• **EXERCISE MATERIAL**

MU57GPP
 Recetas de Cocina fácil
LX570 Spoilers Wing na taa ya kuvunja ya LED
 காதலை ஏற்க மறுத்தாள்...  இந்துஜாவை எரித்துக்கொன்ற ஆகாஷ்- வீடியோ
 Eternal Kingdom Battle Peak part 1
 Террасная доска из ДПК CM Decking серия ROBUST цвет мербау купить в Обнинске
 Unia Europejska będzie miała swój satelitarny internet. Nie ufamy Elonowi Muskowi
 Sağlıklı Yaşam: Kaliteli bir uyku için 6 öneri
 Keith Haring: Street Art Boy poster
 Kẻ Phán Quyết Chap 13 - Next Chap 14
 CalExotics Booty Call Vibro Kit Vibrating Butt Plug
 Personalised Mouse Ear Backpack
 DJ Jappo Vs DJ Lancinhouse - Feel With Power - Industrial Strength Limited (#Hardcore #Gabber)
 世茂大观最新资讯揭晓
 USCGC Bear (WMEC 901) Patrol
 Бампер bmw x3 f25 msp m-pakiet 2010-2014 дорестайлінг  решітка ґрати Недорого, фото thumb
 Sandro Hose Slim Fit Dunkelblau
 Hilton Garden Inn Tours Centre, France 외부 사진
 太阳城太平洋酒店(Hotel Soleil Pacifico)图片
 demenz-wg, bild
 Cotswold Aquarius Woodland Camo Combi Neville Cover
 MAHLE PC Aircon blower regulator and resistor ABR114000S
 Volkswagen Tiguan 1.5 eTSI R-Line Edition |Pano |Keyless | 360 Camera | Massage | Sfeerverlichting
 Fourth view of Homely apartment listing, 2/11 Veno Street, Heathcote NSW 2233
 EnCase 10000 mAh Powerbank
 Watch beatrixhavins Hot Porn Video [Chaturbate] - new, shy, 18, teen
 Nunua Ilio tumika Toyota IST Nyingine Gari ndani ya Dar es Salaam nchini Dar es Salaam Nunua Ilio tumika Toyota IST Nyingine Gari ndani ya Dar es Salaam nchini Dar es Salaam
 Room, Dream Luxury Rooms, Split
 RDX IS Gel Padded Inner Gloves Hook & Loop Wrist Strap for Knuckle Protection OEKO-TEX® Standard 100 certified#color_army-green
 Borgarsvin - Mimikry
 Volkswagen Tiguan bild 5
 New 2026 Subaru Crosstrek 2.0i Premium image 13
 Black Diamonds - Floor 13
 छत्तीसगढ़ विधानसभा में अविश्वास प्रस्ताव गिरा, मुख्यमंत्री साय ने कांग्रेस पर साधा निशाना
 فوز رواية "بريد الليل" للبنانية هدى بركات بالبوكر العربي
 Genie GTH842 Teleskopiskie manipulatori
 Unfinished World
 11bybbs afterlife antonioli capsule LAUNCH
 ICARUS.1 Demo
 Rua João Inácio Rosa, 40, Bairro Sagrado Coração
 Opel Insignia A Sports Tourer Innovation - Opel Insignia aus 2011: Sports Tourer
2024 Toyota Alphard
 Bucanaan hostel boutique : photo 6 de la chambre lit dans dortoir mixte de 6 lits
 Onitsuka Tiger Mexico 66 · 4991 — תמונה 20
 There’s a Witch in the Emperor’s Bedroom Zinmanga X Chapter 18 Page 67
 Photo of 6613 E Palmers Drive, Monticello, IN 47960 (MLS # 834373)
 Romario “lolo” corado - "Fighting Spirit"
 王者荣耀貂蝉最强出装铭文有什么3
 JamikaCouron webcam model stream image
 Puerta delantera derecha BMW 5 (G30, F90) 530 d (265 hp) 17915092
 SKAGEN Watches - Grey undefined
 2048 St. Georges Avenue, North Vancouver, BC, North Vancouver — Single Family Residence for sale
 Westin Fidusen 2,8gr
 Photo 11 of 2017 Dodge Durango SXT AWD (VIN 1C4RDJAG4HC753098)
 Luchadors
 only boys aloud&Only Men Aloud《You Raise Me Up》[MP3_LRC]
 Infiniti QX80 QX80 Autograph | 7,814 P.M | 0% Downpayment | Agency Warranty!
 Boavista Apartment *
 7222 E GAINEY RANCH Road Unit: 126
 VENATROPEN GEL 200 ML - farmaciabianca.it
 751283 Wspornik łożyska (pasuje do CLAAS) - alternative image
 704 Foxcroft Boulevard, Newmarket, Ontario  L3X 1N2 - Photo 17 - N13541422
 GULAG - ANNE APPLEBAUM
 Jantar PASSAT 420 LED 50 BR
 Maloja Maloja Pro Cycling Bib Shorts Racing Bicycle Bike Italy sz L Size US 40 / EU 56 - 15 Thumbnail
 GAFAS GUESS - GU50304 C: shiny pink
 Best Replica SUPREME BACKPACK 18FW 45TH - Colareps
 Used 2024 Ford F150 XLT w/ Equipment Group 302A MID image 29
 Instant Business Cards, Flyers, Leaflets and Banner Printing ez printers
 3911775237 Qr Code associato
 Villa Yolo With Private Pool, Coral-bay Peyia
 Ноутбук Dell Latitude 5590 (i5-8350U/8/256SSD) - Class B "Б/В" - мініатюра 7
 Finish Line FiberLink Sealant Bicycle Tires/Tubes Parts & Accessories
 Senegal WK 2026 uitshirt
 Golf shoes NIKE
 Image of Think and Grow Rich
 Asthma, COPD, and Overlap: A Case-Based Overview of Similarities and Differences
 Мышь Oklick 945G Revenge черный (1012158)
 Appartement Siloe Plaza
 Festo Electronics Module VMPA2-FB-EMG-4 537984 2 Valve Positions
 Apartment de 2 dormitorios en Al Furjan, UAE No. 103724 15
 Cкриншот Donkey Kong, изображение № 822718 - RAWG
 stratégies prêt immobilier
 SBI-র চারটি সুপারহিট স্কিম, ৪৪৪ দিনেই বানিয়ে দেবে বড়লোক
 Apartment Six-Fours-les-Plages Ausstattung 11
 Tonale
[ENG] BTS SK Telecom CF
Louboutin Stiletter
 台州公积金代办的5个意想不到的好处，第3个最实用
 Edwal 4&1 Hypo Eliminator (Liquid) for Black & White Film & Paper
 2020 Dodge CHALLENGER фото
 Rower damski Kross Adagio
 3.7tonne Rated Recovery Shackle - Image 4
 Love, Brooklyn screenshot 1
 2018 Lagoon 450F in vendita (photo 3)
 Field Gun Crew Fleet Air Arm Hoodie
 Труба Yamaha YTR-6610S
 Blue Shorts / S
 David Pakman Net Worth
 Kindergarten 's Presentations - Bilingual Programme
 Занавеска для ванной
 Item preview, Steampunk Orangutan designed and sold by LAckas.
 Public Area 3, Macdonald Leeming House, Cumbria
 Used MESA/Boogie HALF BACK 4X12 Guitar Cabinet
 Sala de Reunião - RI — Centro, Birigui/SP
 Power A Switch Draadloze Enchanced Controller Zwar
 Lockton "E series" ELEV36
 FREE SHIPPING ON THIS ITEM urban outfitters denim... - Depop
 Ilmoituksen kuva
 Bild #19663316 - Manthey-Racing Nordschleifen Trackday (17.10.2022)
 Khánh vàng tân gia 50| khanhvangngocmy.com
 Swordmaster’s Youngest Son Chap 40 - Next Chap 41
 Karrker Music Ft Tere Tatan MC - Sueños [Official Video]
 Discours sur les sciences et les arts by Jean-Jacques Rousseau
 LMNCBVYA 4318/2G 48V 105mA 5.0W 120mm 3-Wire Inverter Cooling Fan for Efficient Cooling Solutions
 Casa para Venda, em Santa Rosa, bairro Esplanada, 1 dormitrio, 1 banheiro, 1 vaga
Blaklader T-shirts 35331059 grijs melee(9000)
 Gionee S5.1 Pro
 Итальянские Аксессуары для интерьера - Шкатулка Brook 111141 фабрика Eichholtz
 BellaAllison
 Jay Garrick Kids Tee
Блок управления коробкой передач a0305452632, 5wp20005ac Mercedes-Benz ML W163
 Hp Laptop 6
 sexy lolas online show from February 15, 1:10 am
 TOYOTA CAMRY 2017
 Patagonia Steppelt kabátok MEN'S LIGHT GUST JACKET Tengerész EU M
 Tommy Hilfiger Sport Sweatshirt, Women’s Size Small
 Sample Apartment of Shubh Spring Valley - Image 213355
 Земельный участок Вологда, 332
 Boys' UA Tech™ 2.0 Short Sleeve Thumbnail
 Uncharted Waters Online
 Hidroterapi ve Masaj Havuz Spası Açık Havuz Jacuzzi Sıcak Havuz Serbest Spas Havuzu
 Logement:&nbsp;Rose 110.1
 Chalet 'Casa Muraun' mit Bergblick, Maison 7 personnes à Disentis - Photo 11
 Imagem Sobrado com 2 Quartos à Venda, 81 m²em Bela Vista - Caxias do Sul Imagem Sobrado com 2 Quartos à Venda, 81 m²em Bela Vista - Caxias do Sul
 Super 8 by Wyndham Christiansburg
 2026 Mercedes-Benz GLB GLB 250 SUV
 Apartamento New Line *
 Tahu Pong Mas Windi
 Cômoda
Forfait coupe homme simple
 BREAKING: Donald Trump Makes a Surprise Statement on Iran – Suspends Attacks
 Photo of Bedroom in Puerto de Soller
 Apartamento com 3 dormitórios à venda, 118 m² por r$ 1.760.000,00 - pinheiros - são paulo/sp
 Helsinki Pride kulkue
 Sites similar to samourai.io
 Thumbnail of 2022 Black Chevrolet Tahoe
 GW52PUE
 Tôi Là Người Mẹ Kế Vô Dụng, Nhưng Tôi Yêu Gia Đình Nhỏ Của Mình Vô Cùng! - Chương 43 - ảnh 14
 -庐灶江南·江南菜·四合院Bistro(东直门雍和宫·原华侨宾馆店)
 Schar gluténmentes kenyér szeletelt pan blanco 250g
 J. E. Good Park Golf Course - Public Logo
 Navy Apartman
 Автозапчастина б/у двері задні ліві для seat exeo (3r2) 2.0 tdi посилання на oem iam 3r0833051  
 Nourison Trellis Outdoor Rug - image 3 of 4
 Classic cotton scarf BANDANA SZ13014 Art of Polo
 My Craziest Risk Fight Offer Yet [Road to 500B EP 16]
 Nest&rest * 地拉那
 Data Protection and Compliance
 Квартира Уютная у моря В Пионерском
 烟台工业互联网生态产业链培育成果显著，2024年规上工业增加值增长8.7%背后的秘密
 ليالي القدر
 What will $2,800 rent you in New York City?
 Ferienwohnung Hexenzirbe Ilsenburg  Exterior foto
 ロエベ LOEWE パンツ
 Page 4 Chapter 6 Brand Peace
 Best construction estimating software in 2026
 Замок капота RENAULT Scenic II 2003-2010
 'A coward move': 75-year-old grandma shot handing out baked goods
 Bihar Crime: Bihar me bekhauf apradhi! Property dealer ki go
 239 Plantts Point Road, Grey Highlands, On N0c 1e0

• **TASK BRIEF**
Could you return exactly the lines above from the line with "3911775237 Qr Code associato" to the line with "Senegal WK 2026 uitshirt", both included, and nothing else?

• **WRITTEN ANSWER**
 3911775237 Qr Code associato
 Villa Yolo With Private Pool, Coral-bay Peyia
 Ноутбук Dell Latitude 5590 (i5-8350U/8/256SSD) - Class B "Б/В" - мініатюра 7
 Finish Line FiberLink Sealant Bicycle Tires/Tubes Parts & Accessories
 Senegal WK 2026 uitshirt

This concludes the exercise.